Below this line are records; write out exactly the lines from the one containing "1 غرفة نوم ومكواة/لوح" through the one containing "Hoa hậu Tiểu", with the pictures left out.
[Available data — start]
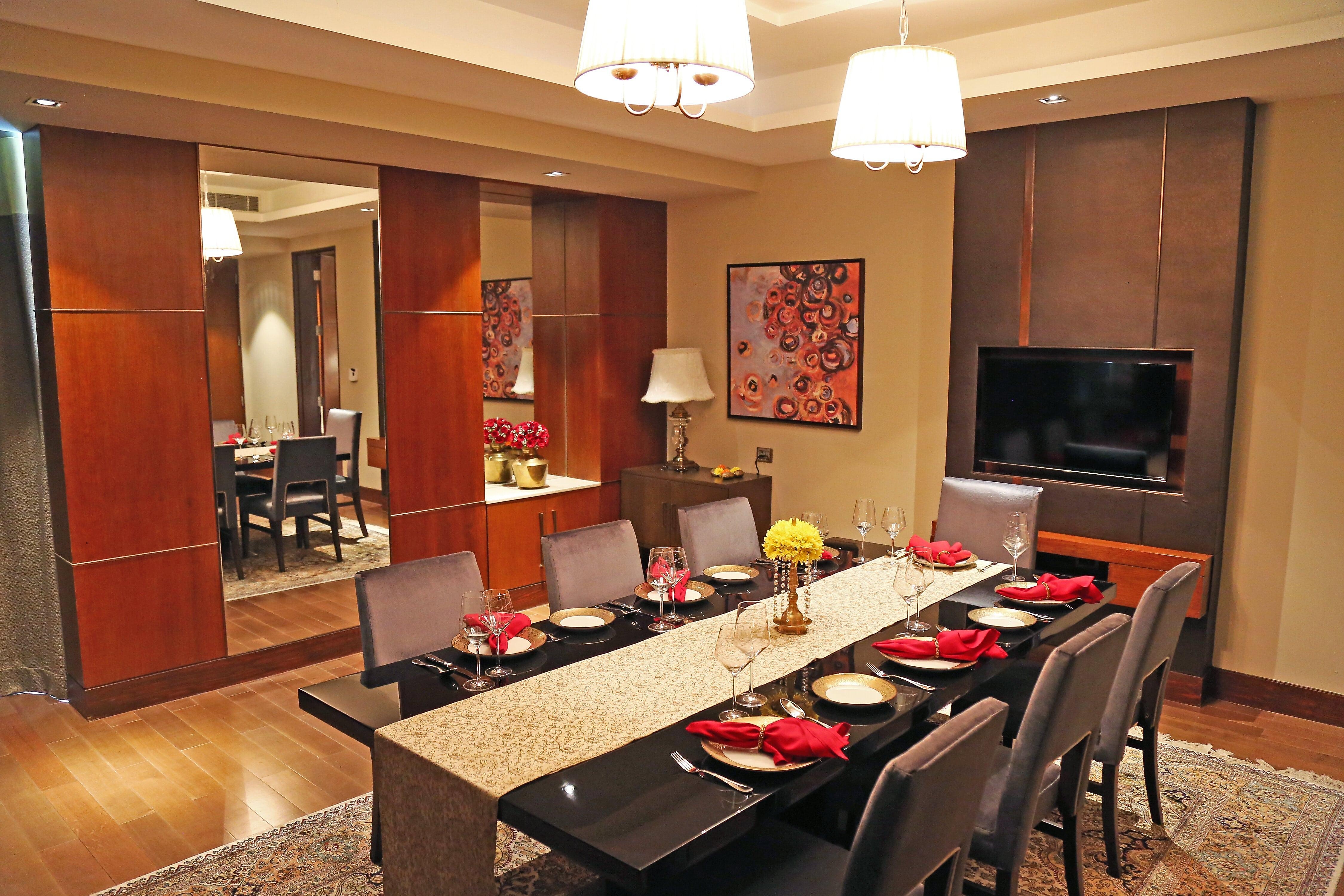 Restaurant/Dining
[Available data — finish]
[Available data — start]
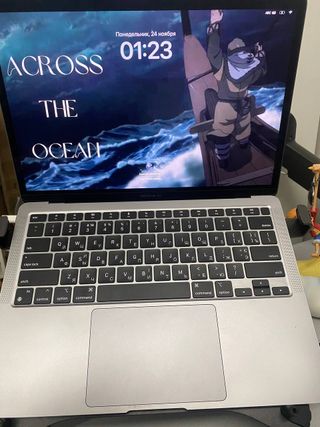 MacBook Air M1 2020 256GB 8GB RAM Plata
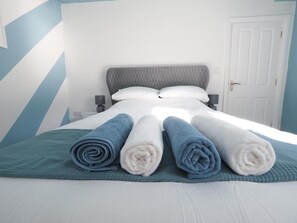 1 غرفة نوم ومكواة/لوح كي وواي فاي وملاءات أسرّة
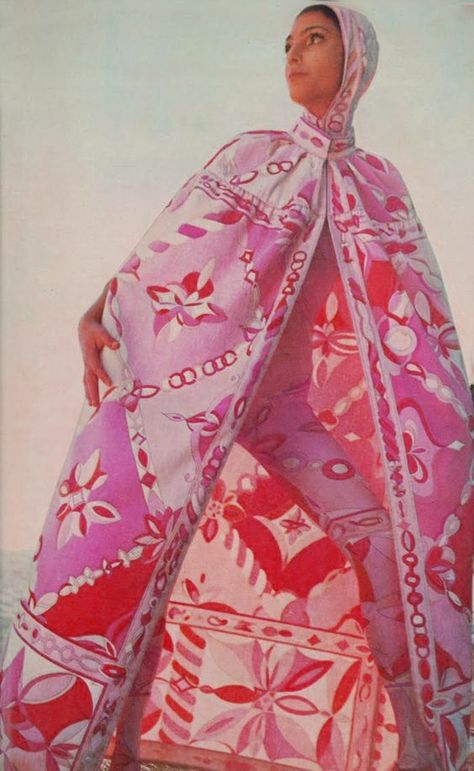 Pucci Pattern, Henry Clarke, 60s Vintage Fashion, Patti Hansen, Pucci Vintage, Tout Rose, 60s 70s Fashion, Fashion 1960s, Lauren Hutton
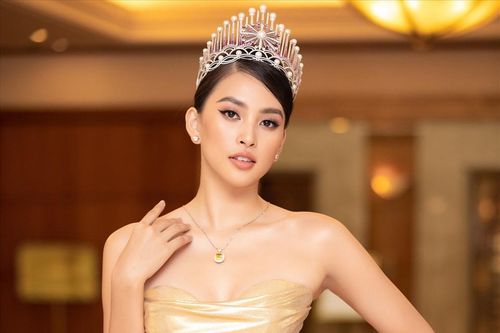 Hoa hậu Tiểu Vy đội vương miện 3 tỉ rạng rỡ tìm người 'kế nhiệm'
[Available data — finish]
[Available data — start]
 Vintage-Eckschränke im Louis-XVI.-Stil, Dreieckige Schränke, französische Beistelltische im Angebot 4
[Available data — finish]
Solution to this problem —
 1 غرفة نوم ومكواة/لوح كي وواي فاي وملاءات أسرّة
 Pucci Pattern, Henry Clarke, 60s Vintage Fashion, Patti Hansen, Pucci Vintage, Tout Rose, 60s 70s Fashion, Fashion 1960s, Lauren Hutton
 Hoa hậu Tiểu Vy đội vương miện 3 tỉ rạng rỡ tìm người 'kế nhiệm'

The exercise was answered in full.